Winemaker, Peter Finlayson, is a graduate oenologist from Stellenbosch University. He furthered his studies at Geisenheim in the Rheingau in 1975. A period (between 1976 and 1979) at the fledgling Boschendal winery was followed by the challenge of setting up and running the first winery in the Hemel-en-Aarde valley. His sucess at this cellar became legendary culminating in the 1989 Diners Club Winemaker of the Year Award for his achievements with the Pinot Noir grape. Peter is committed to raising the standards of his award wining wines. Many study trips to Burgundy have ensured that valuable friendships have been kindled with associates such as Paul Bouchard and Bruno Lorenzen. These contacts have spawned a web of knowledge, which can only be measured in the pleasure enjoyed from the product of Peter's winemaking.
The protection of grapes from predatory birds and animals is by way of zero damage. Our property is fenced and fruit is also defended by way of netting and other passive means.
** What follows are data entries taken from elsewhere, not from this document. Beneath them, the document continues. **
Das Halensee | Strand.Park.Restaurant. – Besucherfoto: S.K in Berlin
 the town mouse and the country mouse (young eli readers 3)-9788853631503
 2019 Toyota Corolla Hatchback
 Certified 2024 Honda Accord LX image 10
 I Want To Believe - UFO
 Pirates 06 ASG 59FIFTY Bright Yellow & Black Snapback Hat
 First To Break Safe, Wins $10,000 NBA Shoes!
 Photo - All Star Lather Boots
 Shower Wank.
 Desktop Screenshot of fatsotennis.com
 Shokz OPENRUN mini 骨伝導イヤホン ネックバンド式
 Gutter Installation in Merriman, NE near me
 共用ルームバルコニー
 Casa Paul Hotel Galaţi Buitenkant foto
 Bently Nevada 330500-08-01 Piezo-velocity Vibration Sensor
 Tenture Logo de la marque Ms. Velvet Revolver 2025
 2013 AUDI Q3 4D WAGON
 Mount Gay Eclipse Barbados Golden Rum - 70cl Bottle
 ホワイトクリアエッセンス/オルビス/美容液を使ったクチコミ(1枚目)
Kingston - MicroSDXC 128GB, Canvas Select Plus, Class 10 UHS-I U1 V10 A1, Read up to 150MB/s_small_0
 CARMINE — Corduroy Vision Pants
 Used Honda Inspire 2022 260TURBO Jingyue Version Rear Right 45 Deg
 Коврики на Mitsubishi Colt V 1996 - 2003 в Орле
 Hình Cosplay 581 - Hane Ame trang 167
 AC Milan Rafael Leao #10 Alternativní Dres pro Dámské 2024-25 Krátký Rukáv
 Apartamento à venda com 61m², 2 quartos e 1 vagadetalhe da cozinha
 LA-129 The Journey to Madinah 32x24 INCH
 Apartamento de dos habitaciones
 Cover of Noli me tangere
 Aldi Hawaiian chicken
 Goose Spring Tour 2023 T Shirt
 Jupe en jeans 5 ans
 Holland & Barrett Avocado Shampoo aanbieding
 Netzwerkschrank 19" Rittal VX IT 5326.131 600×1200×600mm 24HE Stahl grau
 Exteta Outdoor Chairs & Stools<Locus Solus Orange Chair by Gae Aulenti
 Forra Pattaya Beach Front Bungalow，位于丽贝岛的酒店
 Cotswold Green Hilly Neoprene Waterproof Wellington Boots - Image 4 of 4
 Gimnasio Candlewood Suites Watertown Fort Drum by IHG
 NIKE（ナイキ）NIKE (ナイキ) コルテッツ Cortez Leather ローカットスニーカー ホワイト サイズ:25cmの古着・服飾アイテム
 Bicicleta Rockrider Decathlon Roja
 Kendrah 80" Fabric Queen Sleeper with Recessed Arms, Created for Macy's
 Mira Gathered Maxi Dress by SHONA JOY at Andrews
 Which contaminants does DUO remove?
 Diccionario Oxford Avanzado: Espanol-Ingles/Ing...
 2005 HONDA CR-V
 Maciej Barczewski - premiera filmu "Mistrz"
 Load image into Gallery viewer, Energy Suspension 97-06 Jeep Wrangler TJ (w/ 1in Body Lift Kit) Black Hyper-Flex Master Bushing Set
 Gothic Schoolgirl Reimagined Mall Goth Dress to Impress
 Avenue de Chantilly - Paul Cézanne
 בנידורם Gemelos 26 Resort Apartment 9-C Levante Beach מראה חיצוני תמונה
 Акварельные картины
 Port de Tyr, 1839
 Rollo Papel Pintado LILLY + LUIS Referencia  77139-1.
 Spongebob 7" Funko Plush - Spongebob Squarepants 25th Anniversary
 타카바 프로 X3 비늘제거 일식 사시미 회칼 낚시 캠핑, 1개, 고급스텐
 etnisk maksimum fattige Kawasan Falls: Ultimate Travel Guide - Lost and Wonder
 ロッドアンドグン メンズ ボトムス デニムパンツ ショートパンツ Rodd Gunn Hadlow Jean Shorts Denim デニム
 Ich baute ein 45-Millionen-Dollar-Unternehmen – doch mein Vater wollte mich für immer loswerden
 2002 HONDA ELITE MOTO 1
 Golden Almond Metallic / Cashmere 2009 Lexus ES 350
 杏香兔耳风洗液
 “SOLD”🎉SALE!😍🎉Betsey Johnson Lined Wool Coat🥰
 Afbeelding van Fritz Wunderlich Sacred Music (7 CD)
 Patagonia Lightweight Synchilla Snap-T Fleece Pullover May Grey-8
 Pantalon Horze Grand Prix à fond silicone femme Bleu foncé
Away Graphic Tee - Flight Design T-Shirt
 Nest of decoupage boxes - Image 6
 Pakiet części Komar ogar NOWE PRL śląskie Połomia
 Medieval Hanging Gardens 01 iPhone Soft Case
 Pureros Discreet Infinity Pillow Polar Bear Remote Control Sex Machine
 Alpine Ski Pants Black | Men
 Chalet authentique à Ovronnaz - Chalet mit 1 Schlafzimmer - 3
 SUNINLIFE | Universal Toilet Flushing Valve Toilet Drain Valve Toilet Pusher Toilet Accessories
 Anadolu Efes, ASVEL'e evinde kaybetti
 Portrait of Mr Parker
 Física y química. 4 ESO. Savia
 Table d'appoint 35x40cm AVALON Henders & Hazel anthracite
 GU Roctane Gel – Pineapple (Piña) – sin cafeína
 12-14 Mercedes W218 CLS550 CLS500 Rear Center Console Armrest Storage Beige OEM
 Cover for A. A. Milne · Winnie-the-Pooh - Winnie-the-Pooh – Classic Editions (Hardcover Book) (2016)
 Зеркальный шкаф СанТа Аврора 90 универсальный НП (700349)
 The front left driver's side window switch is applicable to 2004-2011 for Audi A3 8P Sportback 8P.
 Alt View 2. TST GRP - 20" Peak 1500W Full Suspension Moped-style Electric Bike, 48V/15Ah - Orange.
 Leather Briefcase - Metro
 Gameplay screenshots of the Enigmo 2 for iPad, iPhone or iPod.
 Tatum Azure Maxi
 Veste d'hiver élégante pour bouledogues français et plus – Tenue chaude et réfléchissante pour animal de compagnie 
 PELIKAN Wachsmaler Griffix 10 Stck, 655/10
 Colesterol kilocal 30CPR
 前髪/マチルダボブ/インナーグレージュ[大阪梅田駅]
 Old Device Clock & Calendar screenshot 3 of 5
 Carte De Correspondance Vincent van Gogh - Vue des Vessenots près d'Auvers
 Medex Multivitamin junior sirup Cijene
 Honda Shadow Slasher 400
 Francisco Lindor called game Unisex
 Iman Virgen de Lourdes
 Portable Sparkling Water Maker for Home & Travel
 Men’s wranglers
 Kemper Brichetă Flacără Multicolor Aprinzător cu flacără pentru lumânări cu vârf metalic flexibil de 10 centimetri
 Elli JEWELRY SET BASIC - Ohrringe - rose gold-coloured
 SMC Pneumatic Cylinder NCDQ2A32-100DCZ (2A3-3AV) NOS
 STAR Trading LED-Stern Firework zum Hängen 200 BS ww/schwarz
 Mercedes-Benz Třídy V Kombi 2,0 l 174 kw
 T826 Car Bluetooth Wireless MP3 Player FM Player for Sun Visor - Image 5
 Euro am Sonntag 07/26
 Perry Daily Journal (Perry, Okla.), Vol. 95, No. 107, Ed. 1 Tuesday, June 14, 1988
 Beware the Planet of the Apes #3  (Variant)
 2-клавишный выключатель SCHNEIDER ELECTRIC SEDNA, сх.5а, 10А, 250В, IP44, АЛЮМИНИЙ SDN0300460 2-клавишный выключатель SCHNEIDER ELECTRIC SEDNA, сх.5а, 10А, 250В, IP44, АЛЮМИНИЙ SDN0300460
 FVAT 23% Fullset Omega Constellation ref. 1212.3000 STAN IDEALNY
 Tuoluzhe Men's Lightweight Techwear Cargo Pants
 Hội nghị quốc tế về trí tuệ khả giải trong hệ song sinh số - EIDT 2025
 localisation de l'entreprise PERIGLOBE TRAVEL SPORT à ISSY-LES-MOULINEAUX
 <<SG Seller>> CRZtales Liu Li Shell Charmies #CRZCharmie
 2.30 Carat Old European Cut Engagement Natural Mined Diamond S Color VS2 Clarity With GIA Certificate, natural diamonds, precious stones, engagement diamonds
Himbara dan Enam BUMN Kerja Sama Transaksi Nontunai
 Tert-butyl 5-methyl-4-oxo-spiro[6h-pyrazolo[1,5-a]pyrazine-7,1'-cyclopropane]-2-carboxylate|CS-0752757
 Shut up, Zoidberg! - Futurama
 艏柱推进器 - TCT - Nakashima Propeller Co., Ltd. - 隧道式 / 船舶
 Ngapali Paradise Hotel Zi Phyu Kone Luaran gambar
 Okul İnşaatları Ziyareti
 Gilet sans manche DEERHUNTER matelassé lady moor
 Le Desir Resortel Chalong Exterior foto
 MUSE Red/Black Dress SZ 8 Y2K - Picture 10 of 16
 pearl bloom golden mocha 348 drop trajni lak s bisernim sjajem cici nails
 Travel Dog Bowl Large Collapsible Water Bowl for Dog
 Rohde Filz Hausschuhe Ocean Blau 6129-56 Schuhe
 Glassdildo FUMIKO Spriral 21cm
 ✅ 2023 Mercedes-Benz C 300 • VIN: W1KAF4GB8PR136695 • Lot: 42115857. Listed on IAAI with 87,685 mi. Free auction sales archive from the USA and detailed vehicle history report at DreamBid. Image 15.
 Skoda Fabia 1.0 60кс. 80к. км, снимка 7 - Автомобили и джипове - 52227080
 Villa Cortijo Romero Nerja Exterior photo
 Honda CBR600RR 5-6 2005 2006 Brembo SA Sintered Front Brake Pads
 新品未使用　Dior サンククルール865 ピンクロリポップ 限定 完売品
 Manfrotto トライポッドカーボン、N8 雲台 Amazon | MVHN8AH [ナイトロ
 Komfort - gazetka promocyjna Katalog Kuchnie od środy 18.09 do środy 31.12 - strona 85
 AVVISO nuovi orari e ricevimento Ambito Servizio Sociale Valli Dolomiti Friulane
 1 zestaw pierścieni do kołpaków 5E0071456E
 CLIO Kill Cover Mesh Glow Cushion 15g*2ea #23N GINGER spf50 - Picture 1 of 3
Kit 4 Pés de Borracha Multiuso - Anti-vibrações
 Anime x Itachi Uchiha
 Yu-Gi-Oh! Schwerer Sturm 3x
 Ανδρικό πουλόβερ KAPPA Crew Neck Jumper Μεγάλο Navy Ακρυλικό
The Bouchard Finlayson winery property enjoys 70% of its land as Wilderness area which is classified and managed under the BWI program. This requires active management and attention is paid to the removal of invasive plants.
Water Conservation policies
We use no chemical cleaning agents - the only agent used is potassium hydroxide, this is for washing purposes only. The Potassium is a recyclable element which is an essential vineyard plant food. Returned to the lands through the irrigation system back into the vineyard.
We analyze and monitor all waste water from the winery. This ensures that the no environmental damage may be affected from the cellar waste.
Recycling of dry goods
Packaging materials from the winery and other refuse from the property is removed for professional recycling.
Actions to neutralise carbon footprint
Our soils are handled according to a minimal tillage system which thereby limits any unnecessary tractor use.
We avoid the use of any hormonal herbicides in our weed control practices. The use of organo - phosphates in the control of insect pests is considered a no no.
No mechanical picking. This ensures that casual employment can be optimized with financial gain in the pockets of the needy.